Return the lines that run from the line containing "Egen inngang i" through the end of the entries, both ends included. Leave out all pictures.

*** Begin section ***

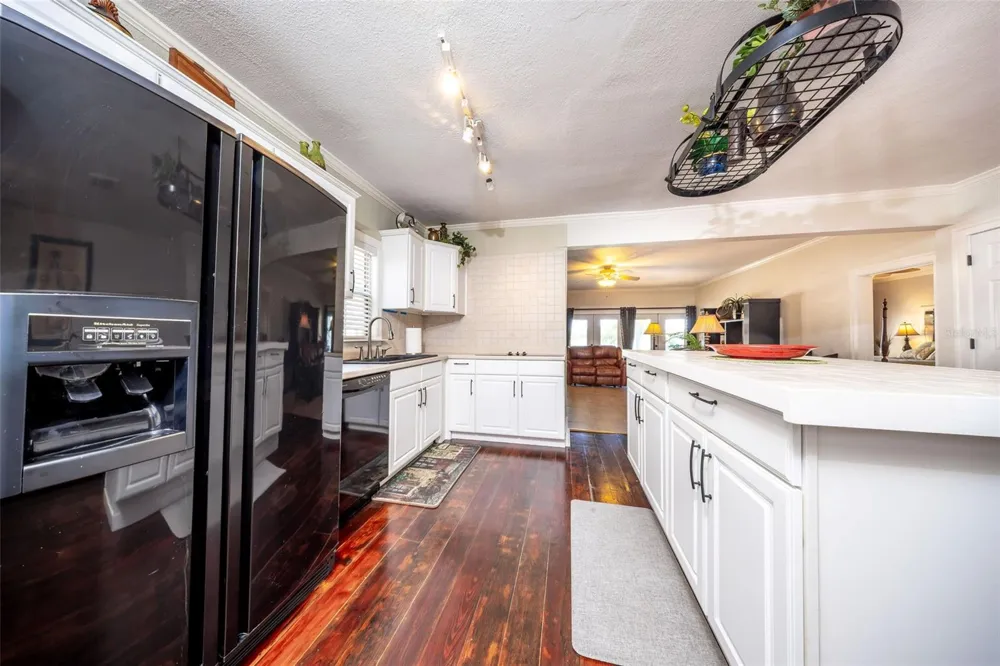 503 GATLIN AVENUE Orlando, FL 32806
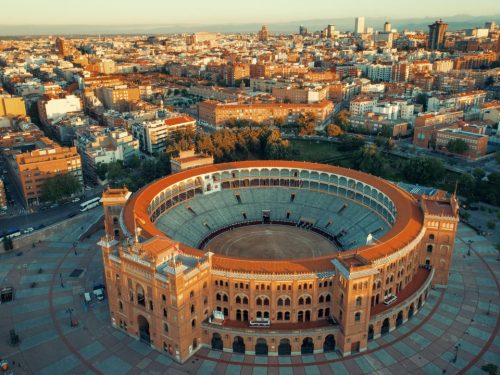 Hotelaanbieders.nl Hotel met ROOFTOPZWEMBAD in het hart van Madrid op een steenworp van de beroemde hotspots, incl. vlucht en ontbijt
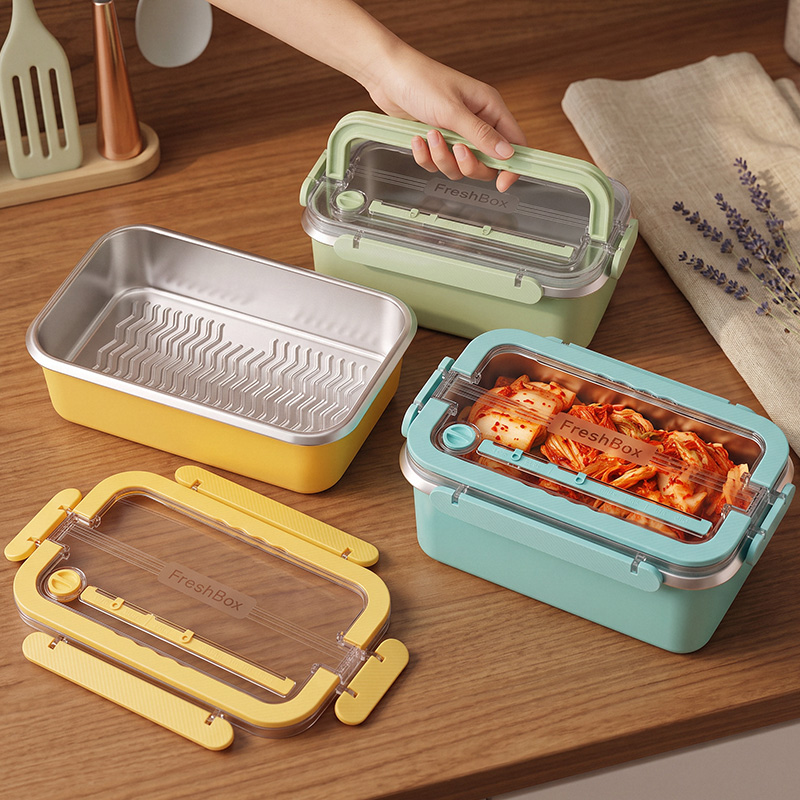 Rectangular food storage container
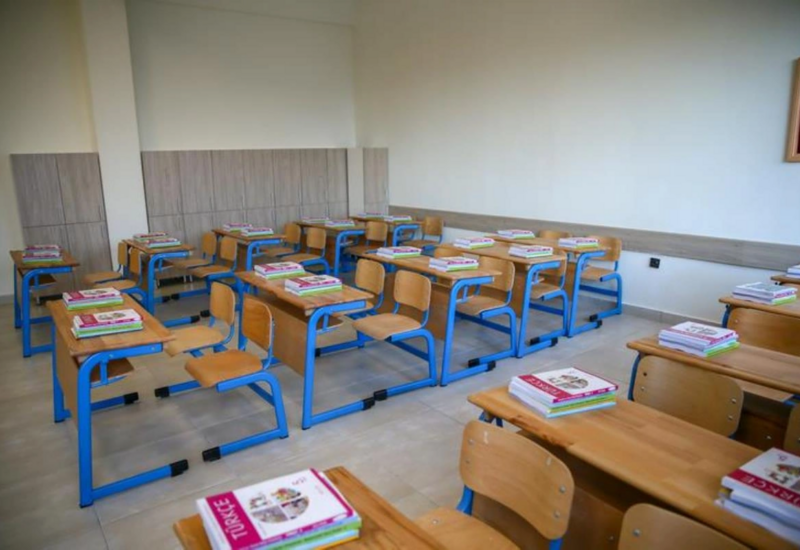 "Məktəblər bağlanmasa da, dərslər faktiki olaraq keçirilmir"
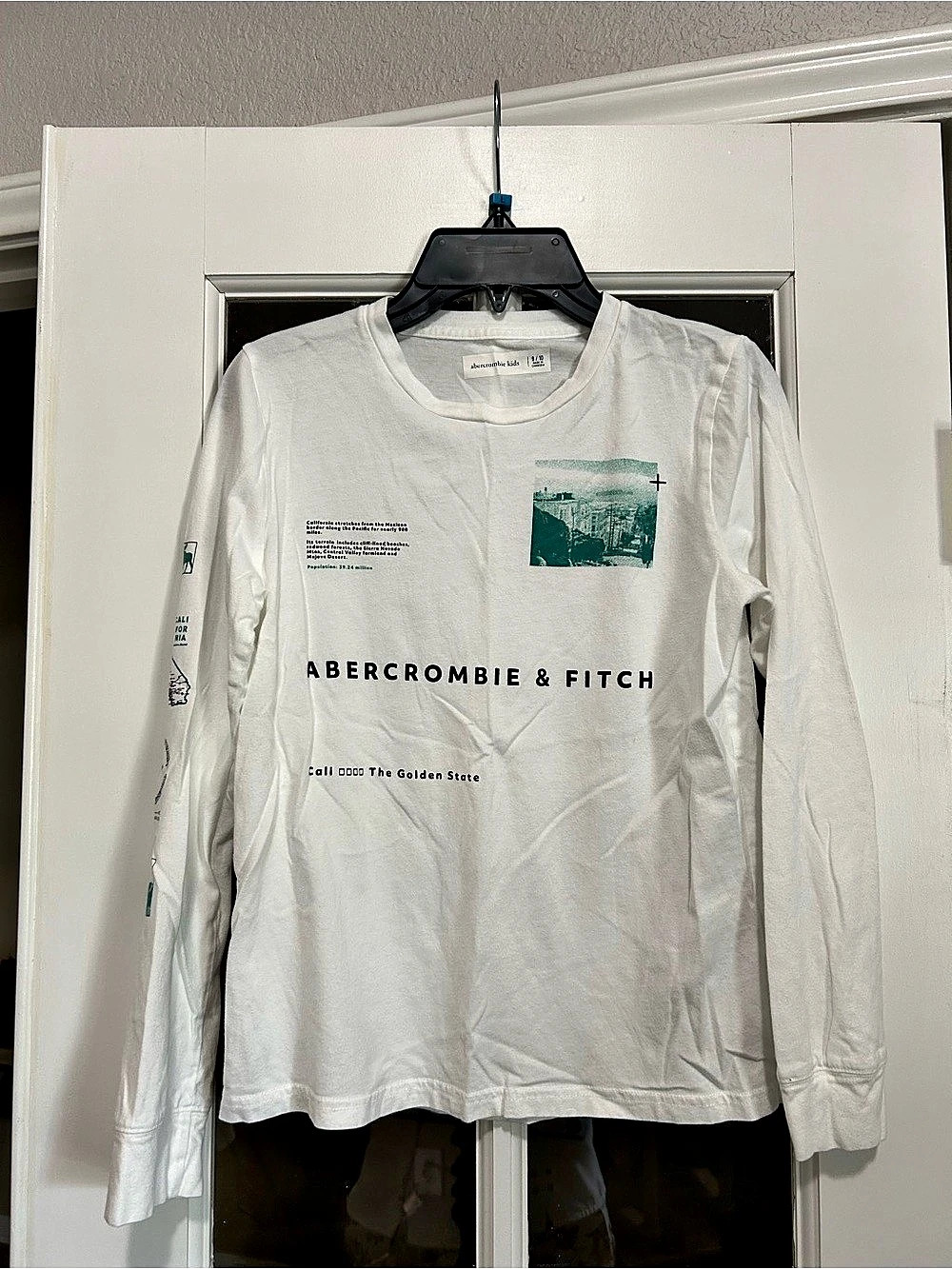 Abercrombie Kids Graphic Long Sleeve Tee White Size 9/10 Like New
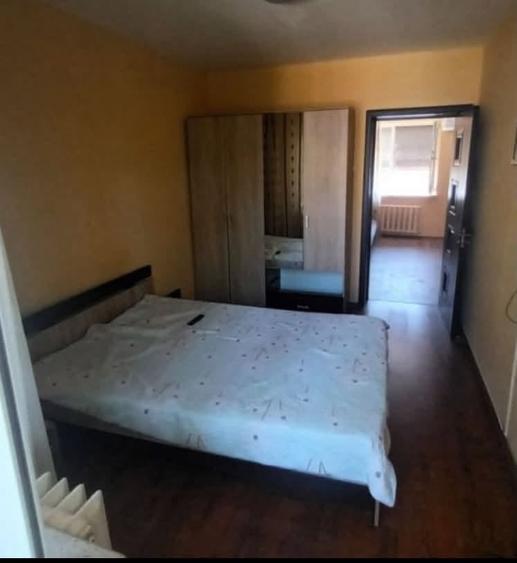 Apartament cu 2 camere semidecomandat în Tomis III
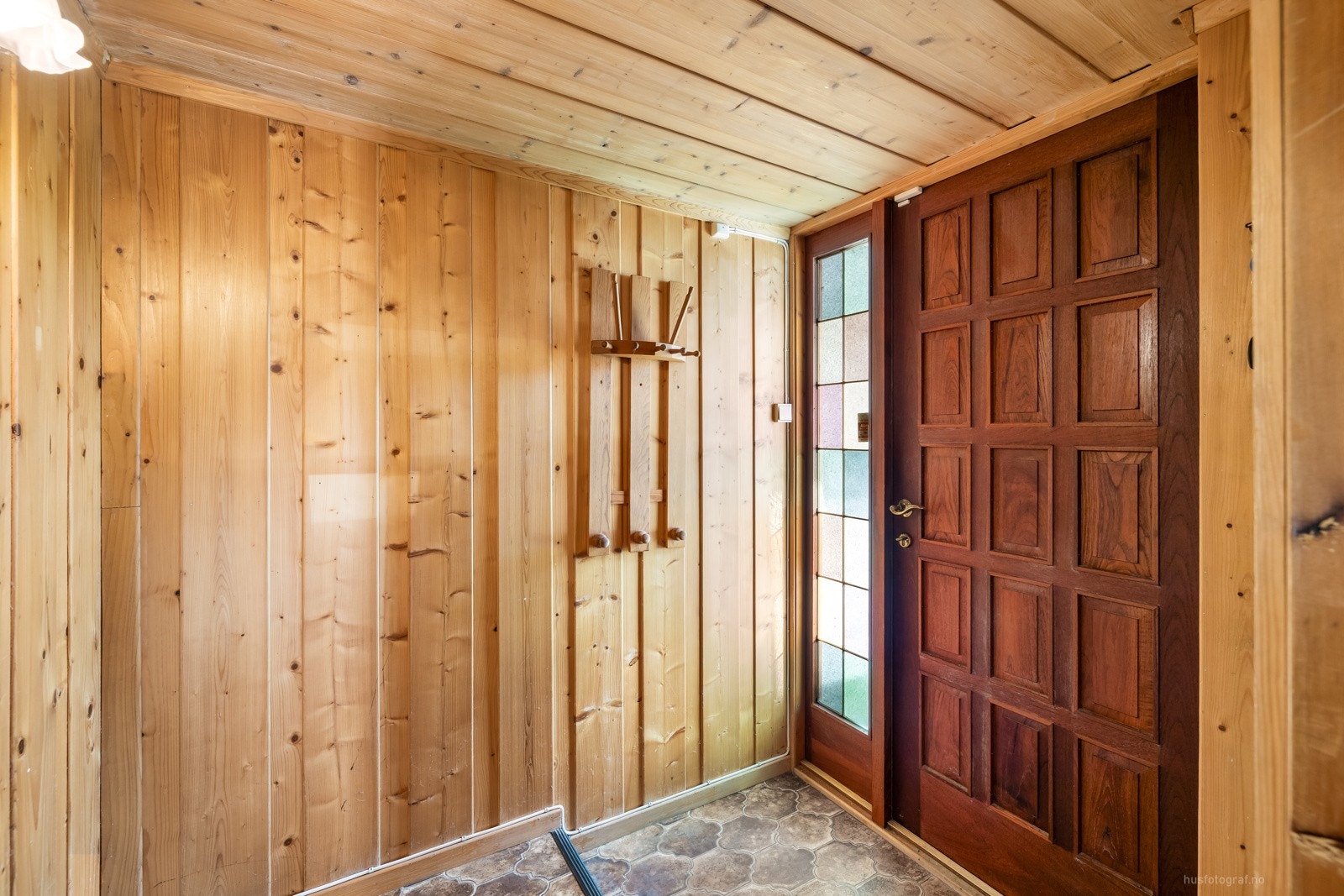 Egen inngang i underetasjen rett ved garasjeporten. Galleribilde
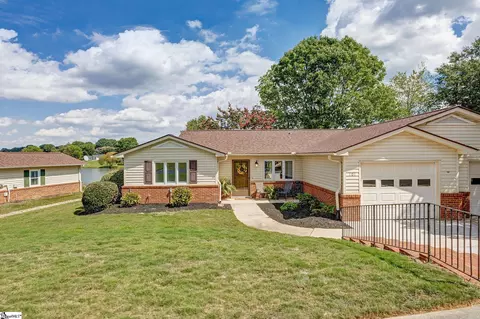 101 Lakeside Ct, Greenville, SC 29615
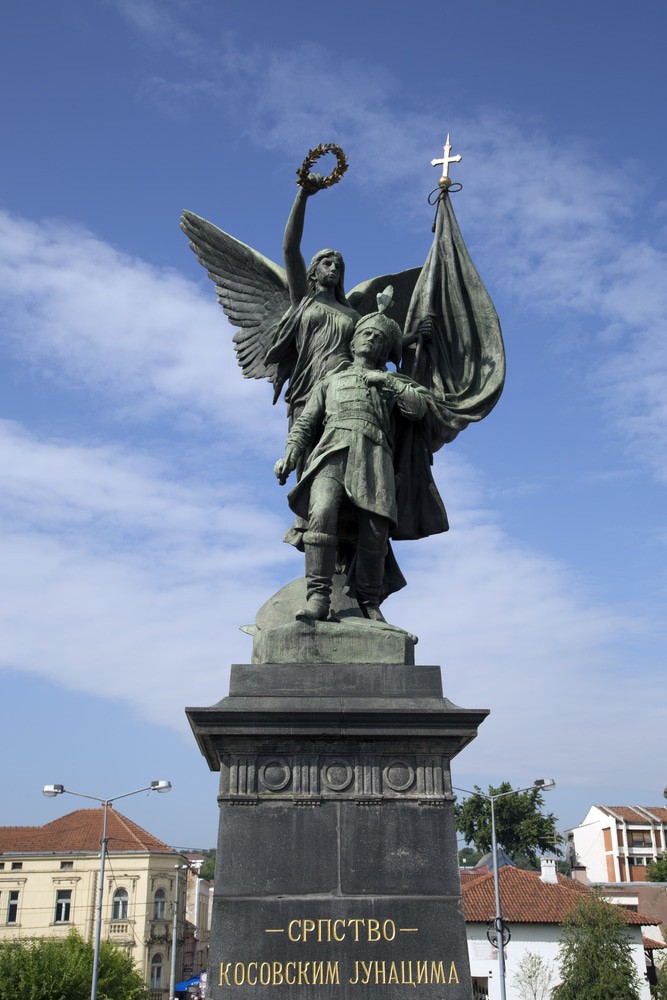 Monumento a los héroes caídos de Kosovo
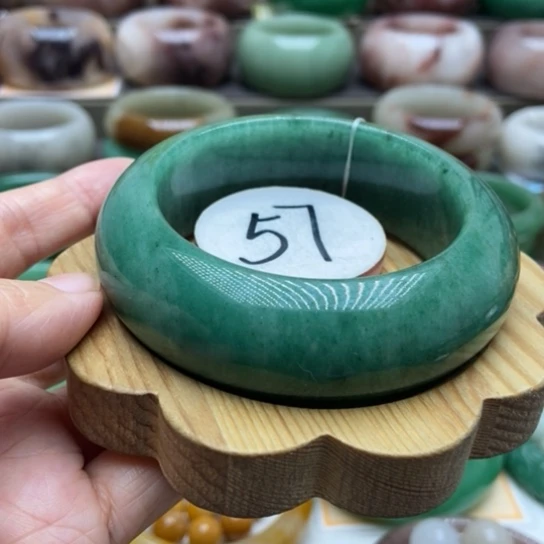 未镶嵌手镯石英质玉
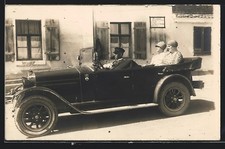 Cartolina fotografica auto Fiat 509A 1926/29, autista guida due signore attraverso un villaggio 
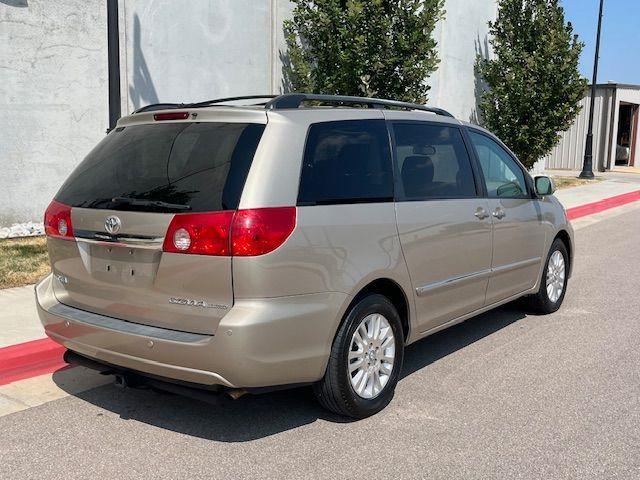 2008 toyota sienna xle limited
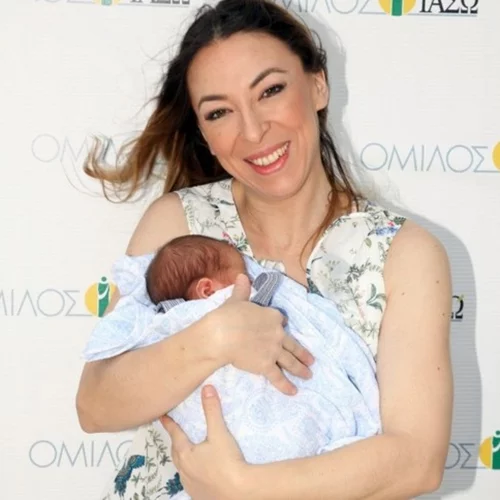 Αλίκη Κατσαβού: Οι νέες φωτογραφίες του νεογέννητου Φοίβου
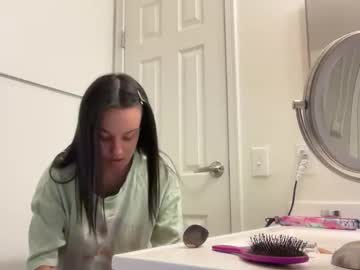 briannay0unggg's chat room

*** End section ***

* Response to the exercise
 Egen inngang i underetasjen rett ved garasjeporten. Galleribilde
 101 Lakeside Ct, Greenville, SC 29615
 Monumento a los héroes caídos de Kosovo
 未镶嵌手镯石英质玉
 Cartolina fotografica auto Fiat 509A 1926/29, autista guida due signore attraverso un villaggio 
 2008 toyota sienna xle limited
 Αλίκη Κατσαβού: Οι νέες φωτογραφίες του νεογέννητου Φοίβου
 briannay0unggg's chat room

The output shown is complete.